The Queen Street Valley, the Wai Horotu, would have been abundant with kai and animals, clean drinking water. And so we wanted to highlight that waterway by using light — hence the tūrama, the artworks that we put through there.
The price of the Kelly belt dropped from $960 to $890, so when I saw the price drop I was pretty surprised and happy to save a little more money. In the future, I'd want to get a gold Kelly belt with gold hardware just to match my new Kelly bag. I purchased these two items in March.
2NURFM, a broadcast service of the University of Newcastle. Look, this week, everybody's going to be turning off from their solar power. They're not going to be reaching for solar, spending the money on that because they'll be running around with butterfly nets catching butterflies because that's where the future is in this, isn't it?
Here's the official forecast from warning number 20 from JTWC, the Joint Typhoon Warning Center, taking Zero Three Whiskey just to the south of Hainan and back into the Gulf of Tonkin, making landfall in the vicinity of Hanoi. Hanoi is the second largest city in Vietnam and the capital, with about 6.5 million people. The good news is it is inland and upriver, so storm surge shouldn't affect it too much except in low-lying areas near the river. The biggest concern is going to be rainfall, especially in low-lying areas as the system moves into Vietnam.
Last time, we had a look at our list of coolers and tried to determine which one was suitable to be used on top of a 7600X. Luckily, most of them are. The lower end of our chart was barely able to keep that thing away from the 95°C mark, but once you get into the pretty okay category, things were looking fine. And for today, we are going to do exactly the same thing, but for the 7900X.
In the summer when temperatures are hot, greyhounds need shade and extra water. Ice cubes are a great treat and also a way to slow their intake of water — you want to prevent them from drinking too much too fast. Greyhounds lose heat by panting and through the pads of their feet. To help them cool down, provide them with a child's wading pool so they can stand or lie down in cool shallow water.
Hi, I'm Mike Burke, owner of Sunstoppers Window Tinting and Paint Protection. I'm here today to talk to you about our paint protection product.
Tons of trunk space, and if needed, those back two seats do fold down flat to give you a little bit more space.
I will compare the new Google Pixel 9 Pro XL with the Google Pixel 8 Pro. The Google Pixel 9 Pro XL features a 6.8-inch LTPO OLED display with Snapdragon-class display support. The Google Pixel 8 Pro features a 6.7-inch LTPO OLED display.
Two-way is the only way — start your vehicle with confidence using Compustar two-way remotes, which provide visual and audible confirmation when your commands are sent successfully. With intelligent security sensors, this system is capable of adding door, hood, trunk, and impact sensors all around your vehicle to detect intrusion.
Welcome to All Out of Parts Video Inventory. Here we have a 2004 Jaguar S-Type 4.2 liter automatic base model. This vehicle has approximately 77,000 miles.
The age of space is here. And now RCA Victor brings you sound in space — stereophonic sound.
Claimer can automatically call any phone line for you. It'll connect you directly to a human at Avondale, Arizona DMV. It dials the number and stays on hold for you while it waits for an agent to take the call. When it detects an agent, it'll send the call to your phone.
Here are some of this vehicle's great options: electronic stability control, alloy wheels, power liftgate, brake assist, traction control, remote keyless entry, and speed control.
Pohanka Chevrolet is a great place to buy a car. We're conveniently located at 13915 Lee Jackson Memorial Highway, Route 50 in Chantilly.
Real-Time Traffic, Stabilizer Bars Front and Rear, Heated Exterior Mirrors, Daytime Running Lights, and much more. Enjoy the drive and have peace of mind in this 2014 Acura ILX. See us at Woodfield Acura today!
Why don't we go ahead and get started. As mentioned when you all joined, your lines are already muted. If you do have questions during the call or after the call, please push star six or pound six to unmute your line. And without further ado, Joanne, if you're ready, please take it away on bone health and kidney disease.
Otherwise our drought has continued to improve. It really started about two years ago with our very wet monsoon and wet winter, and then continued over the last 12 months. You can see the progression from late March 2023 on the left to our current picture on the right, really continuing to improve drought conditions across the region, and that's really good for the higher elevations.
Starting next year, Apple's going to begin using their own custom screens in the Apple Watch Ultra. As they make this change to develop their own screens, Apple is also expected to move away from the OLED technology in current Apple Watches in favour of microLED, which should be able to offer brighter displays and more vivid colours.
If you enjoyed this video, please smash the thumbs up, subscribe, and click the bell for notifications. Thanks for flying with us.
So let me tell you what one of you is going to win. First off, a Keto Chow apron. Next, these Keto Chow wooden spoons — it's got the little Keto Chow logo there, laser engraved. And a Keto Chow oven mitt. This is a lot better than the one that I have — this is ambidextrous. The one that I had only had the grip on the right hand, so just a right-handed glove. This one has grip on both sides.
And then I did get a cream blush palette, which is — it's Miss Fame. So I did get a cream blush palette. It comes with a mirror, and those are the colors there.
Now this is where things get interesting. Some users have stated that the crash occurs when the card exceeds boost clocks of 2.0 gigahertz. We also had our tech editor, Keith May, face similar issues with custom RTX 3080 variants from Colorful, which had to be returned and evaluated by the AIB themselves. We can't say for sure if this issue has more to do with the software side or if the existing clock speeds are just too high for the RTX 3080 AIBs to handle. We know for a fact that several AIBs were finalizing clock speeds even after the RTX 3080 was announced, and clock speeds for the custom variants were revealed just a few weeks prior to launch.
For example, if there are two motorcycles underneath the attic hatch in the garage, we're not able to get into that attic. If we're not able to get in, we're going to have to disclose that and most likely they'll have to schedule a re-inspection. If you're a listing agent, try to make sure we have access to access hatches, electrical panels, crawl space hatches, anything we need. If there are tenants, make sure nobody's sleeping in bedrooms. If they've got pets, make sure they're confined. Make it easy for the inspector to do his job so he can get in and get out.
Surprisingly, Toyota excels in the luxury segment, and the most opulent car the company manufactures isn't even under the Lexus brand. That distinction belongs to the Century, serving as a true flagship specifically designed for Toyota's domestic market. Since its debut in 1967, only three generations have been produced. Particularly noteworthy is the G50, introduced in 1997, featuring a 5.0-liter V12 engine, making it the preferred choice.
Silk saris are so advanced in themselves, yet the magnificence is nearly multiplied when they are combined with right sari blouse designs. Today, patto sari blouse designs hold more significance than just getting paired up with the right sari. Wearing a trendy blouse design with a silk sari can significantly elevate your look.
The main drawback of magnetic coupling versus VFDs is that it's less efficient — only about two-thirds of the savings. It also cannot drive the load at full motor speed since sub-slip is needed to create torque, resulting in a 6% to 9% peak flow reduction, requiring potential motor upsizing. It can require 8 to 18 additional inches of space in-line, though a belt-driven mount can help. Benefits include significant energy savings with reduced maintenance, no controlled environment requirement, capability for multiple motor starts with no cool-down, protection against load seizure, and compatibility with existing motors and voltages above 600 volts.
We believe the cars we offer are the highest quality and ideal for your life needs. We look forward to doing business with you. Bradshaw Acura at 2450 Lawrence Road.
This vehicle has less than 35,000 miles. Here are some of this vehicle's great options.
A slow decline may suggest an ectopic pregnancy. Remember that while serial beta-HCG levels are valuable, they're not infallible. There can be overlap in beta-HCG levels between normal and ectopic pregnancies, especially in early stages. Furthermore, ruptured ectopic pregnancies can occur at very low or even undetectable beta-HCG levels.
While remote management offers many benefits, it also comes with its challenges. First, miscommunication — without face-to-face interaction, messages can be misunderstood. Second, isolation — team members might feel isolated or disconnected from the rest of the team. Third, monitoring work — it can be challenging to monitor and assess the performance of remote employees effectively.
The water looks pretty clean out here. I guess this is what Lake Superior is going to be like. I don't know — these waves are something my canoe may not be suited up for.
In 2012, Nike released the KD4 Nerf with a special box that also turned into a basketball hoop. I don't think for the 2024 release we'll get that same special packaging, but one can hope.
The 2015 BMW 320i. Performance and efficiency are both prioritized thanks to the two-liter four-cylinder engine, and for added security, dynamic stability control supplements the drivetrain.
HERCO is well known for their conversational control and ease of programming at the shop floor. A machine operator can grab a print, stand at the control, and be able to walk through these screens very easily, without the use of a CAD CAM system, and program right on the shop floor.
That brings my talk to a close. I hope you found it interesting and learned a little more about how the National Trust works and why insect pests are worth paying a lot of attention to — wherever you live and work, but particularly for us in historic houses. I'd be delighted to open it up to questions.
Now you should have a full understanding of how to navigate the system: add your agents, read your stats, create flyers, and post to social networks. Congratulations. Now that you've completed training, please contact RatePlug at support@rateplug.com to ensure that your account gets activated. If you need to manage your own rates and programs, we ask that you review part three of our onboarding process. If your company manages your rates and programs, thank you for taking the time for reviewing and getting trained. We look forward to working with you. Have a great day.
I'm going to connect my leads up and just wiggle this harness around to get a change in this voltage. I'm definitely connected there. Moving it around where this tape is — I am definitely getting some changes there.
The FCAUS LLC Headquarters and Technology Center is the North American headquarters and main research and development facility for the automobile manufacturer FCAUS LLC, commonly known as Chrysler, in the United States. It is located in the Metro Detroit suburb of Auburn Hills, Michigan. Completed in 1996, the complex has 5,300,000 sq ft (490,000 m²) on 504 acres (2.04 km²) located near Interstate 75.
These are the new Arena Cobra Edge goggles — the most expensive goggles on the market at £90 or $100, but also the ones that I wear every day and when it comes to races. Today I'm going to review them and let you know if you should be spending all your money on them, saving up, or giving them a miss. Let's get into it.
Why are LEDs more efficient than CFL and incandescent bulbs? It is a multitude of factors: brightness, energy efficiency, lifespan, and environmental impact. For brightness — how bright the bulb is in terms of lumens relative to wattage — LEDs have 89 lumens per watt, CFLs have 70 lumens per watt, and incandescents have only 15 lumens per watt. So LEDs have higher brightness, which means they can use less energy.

EXERCISE DIRECTIONS :: Going back over the entries above, copy word for word every line from the one that has "While remote management" on through the one that has "Now you should".

OUTPUT OF THE TASK ::
While remote management offers many benefits, it also comes with its challenges. First, miscommunication — without face-to-face interaction, messages can be misunderstood. Second, isolation — team members might feel isolated or disconnected from the rest of the team. Third, monitoring work — it can be challenging to monitor and assess the performance of remote employees effectively.
The water looks pretty clean out here. I guess this is what Lake Superior is going to be like. I don't know — these waves are something my canoe may not be suited up for.
In 2012, Nike released the KD4 Nerf with a special box that also turned into a basketball hoop. I don't think for the 2024 release we'll get that same special packaging, but one can hope.
The 2015 BMW 320i. Performance and efficiency are both prioritized thanks to the two-liter four-cylinder engine, and for added security, dynamic stability control supplements the drivetrain.
HERCO is well known for their conversational control and ease of programming at the shop floor. A machine operator can grab a print, stand at the control, and be able to walk through these screens very easily, without the use of a CAD CAM system, and program right on the shop floor.
That brings my talk to a close. I hope you found it interesting and learned a little more about how the National Trust works and why insect pests are worth paying a lot of attention to — wherever you live and work, but particularly for us in historic houses. I'd be delighted to open it up to questions.
Now you should have a full understanding of how to navigate the system: add your agents, read your stats, create flyers, and post to social networks. Congratulations. Now that you've completed training, please contact RatePlug at support@rateplug.com to ensure that your account gets activated. If you need to manage your own rates and programs, we ask that you review part three of our onboarding process. If your company manages your rates and programs, thank you for taking the time for reviewing and getting trained. We look forward to working with you. Have a great day.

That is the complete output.